Le Sixième nocturneop. 63, s’engage sur un adagio doublement ternaire : c’est un 3/2 (il y a donc trois blanches par mesure) que peuplent des triolets (il y a donc dix-huit croches par mesure).

  • Médiums cristallins,
  • basses posées et
  • liberté dans la mesure

exposent l’esthétique fauréenne avec un mélange de sobriété et d’intelligence sensible que confirment

  • d’habiles nuances,
  • des triolets d’une égalité de toucher remarquable, et
  • une capacité de gonfler puis dégonfler la masse sonore fort goûtue.

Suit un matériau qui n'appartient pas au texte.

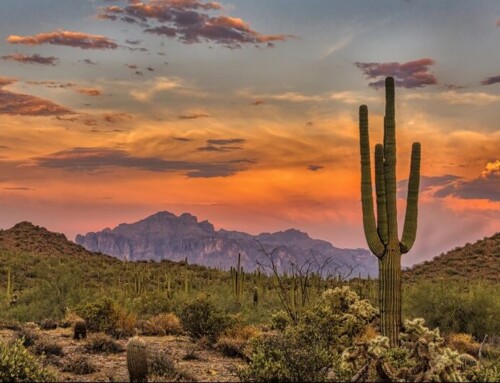 Best Places to Find a Food and Drink Oasis in Scottsdale, Arizona
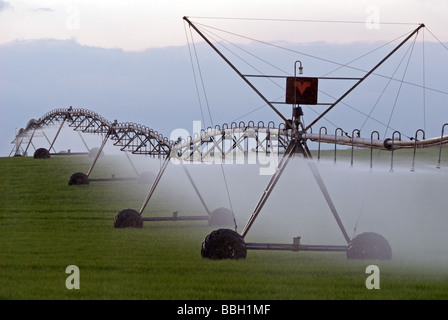 Mitte Drehpunkt Präzision Spray Bewässerungssystem Bewässerung Weizen Ernte, Hollesley, Suffolk, UK. Stockfoto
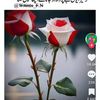 abu.bakkar2572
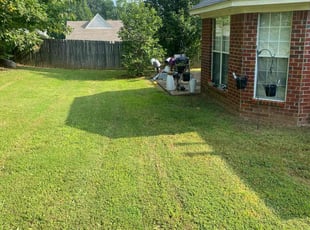 Tin M.'s lawn maintenance service result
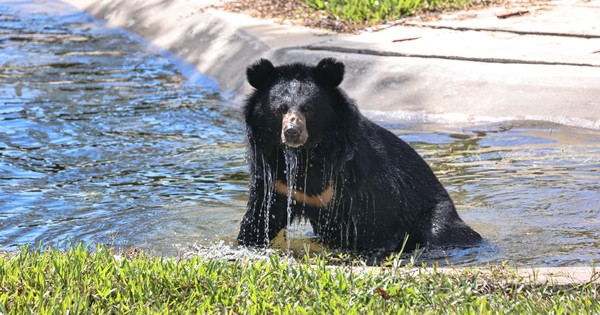 À l'intérieur du centre de sauvetage des ours de 10 millions de dollars à Hué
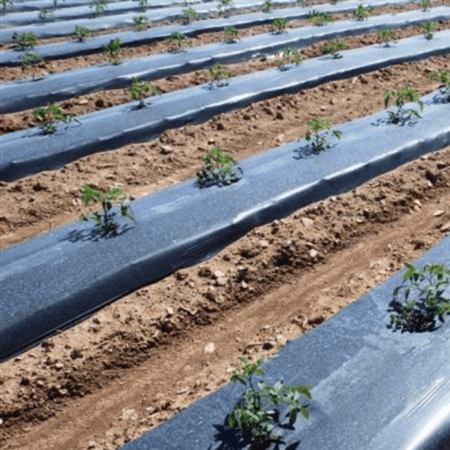 ΓΕΩΡΓΙΚΑ ΠΛΑΣΤΙΚΑ & ΣΧΕΤΙΚΑ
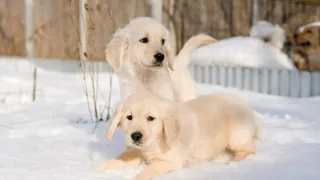 Two golden retriever puppies playing in snow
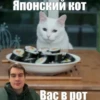Японский кОТ Вас в рот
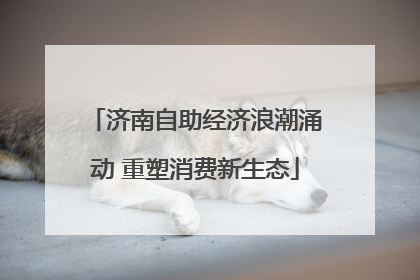 济南自助经济浪潮涌动 重塑消费新生态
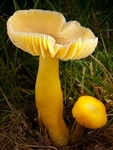 Golden Waxcap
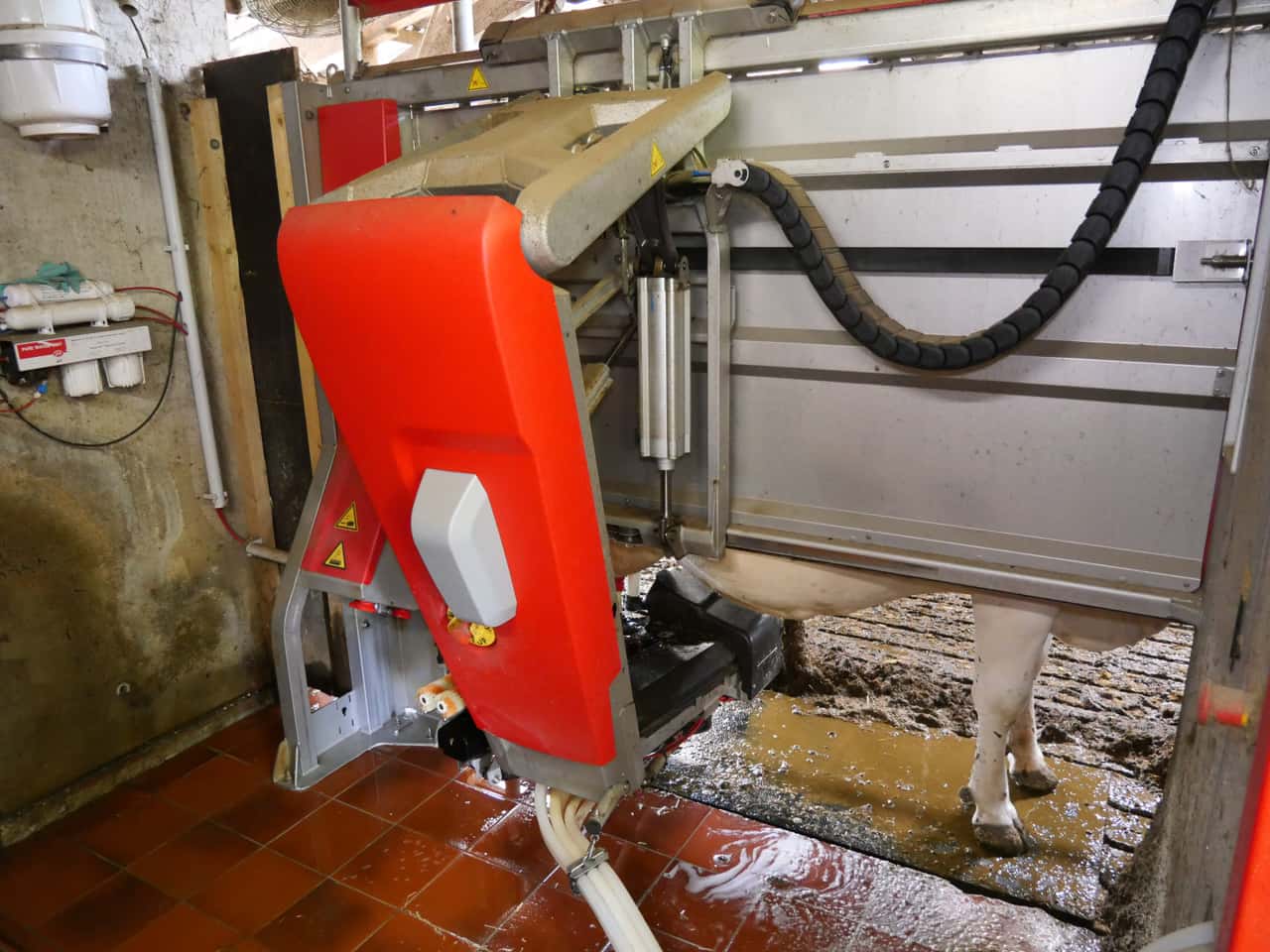 3,000 kg of milk per day from the milking robot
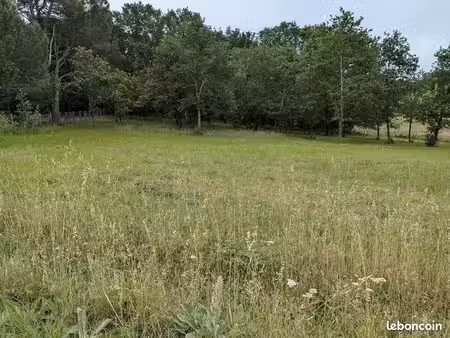 vente d’un terrain constructible de 1525 m² à saint palais (33820) - vente entre particuli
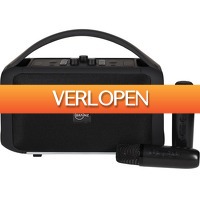 DealDonkey.com 3: Brainz karaoke speaker XXL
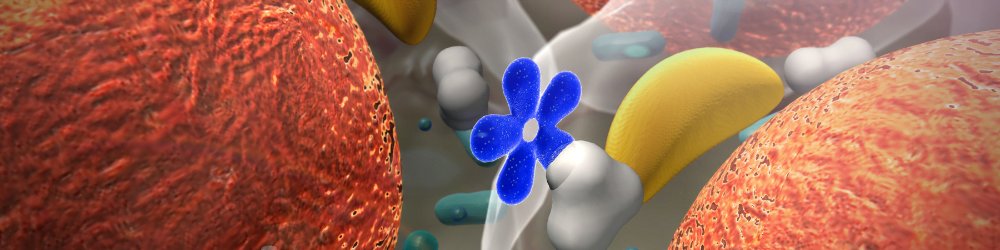 hormones A Danca Hormonal Dentro Do Seu Corpo Ketones Glucose Insulin E Cortisol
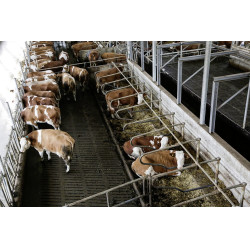 Câmera IPCam 360 FHD 1080p Kerbl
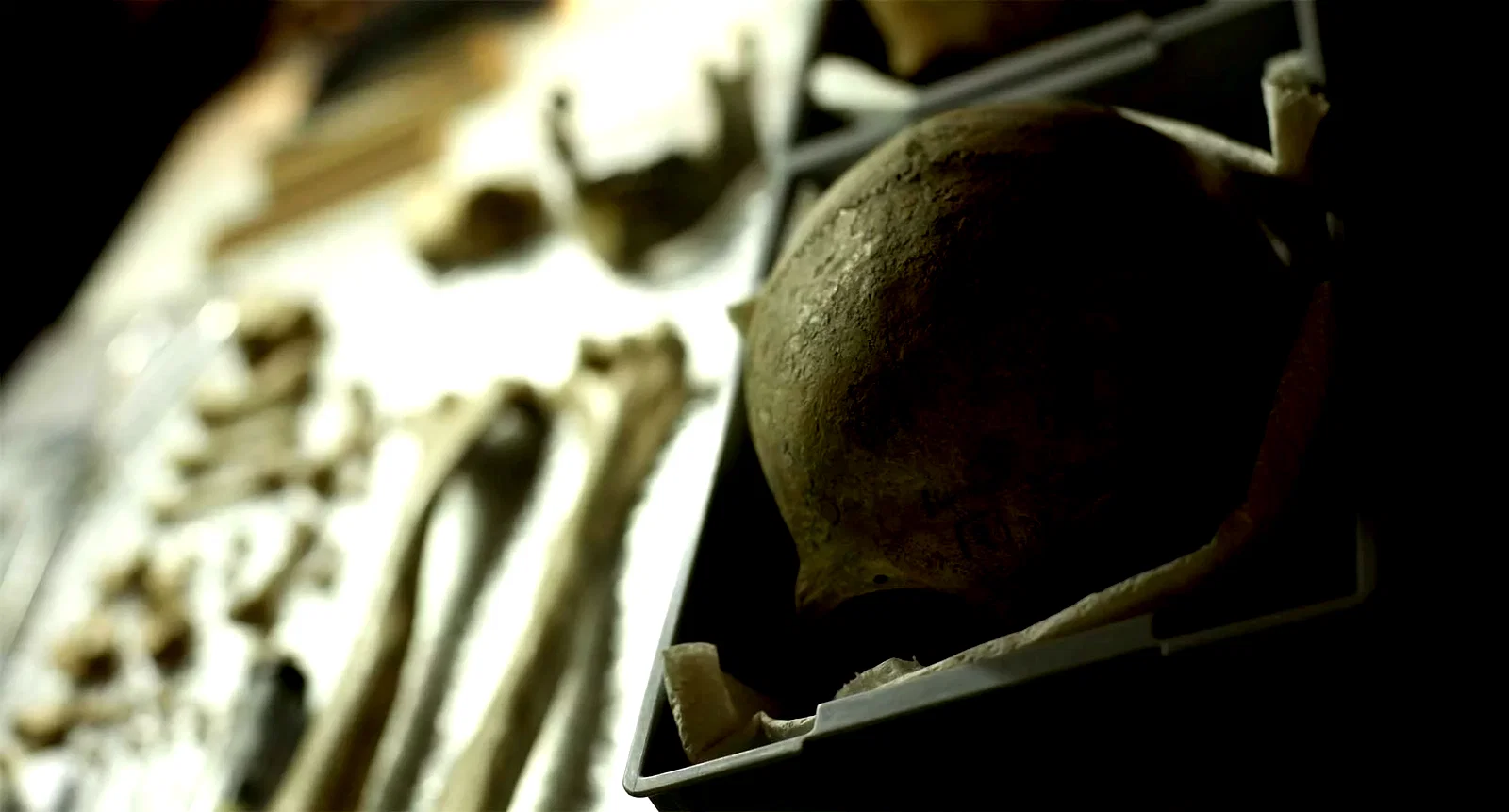 Photo du film : Humains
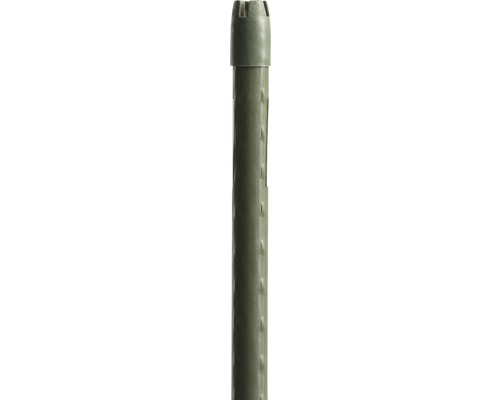 FloraSelf plantenstok H 120 cm Ø 11 mm groen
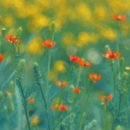 세병로5 이미지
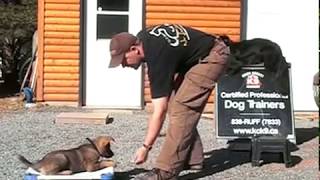 AMAZING PUPPY TRAINING German Shepherd quotCitoquot 8 Weeks Old [upl. by Ballinger]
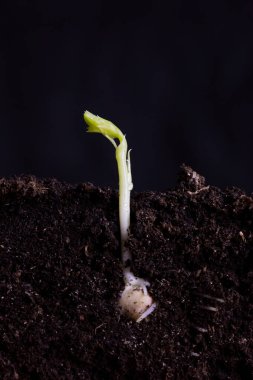 A young shoot of green peas in the soil with roots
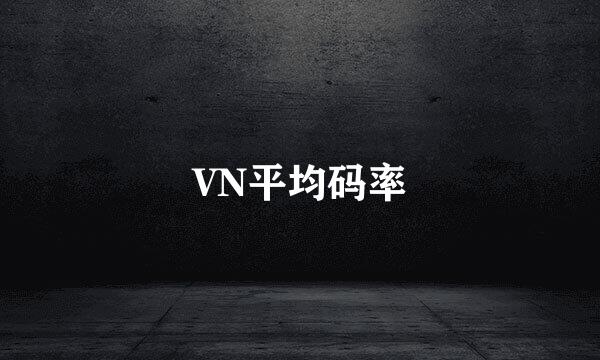 VN平均码率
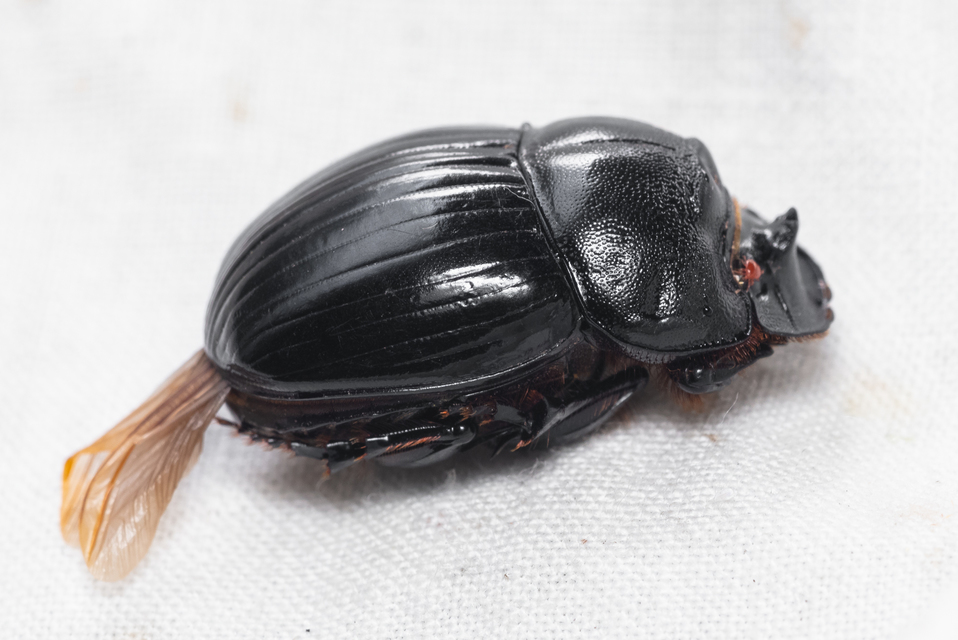 Copris lunaris - közönséges holdszarvú-ganéjtúró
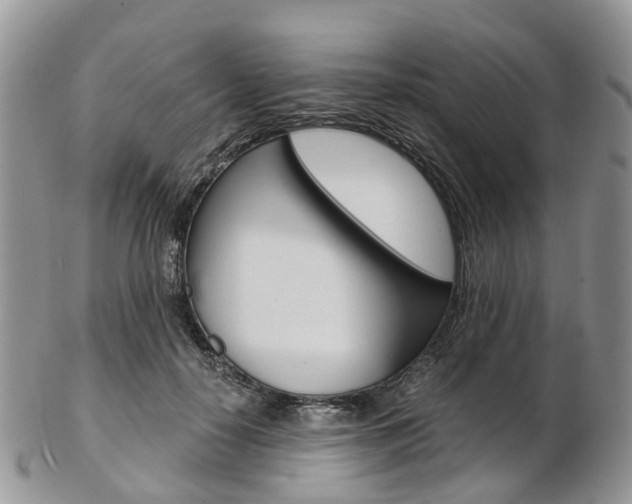 X0000103140650200808221105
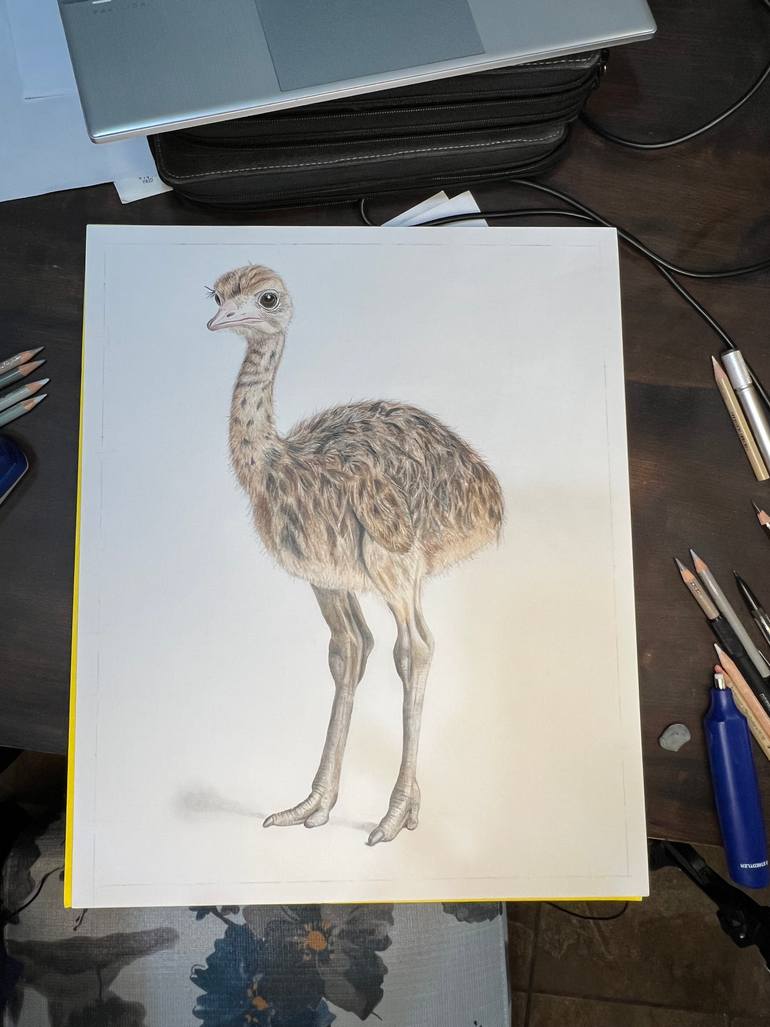 Original Photorealism Animal Drawing by Vanessa Lawrence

Surgit alors un Allegro molto moderato en do dièse mineur toujours, qui présente un ternaire moins fluide, plus inquiet – tant rythmiquement que harmoniquement. Un vaste crescendo prépare le retour en Ré bémol qui conduit à une fausse fin. La nuit continue sur un Allegro moderato binaire en 4/2, modulant et miroitant de toutes ses doubles croches qu’éclaire la Lune mélodique des suraigus. Interrompu plusieurs fois, ce froufroutement instable remixe le deuxième motif puis le dissout dans son énergie clapotante. Avec un naturel confondant, Hélène Rusquet y masque

  • son brio technique,
  • sa vision très sûre et
  • sa capacité à la fois analytique et sensitive à transformer une partition en musique.

Puis

  • le retour au calme en Ré bémol,
  • sa montée en ébullition à feu doux et
  • le temps de repos offert au frichti avant dégustation

parachèvent une vision nocturne

  • la profusion d’idées,
  • la qualité des trouvailles et
  • l’architecture de l’œuvre

saisissent l’auditeur pendant neuf minutes pleines.

 

 

Le Septième nocturne, op. 74, a été écrit pour le concours féminin du conservatoire de Paris de 1919. En do dièse mineur, on l’a dit, et sur un ternaire original (18/8, soit dix-huit croches par mesure), il associe balancement et chromatisme pour lequel un usage raisonné de la pédale de sustain s’impose, quitte à susciter des effets de résonance spontanés (2’06). Une première modulation paraît emballer la nuit dans une virtuosité de convenance mais, promptement, le premier tempo vient rappeler son cadre limitant, parfait pour exprimer

  • l’impatience (la nuit est le moment de l’impatience par excellence),
  • l’instabilité et
  • les mutations thymiques.

L’interprète travaille avec finesse

  • accents,
  • legato et
  • nuances

lorsque, nouveau break, un Allegro à six dièses et quatre temps secoue cette pénombre désormais bien connue. Hélène Rusquet excelle à faire sentir le lyrisme sous-jacent sans tartiner son exécution d’un romantisme chopinien qui serait fort réducteur. Ainsi sa rectitude qui n’est pas rigidité nous permet-elle de profiter de la résurgence du ternaire via les triolets transformant le 4/4 en 12/8. La manière dont la pianiste l’aborde crée une unité, une continuité, une passerelle entre les différents développements d’une même inspiration qui, à force

  • de modulations,
  • de changements de couleur et
  • de mutations de rythmes,

pourrait passer pour rhapsodique. À l’évidence, pour la pianiste, un lien profond unit ces différentes variations de nuit. La fluidité des doubles croches de la coda en Ré bémol abonde dans ce sens : la nuit vient, la nuit est là, place au silence.
Une belle fin de disque sur laquelle nous pouvons nous appuyer pour saluer un travail captivant, au terme duquel Hélène Rusquet semble nous lancer, aussi énigmatique que Vénus Khoury-Ghata : “Assis sur la pierre du récit, tu comptes les poussières dispersées par l’obscurité.” (Les Mots étaient des loups. Poésies choisies, Gallimard, “Poésie” [2016], 2019, p. 226) Entre nocturnes et marines, telles sont peut-être tout à la fois

  • la poésie,
  • la magie et
  • l’utilité si précieuse

de ces musiques, voire de la musique : nous aider à compter les poussières dispersées par l’obscurité, donc nous inciter à nous demander pourquoi nous le faisons – en d’autres termes, pourquoi nous vivons. Et, surtout, surtout et re-surtout derrière, ne pas nous laisser croire qu’il existe une réponse voire, pire, une bonne réponse.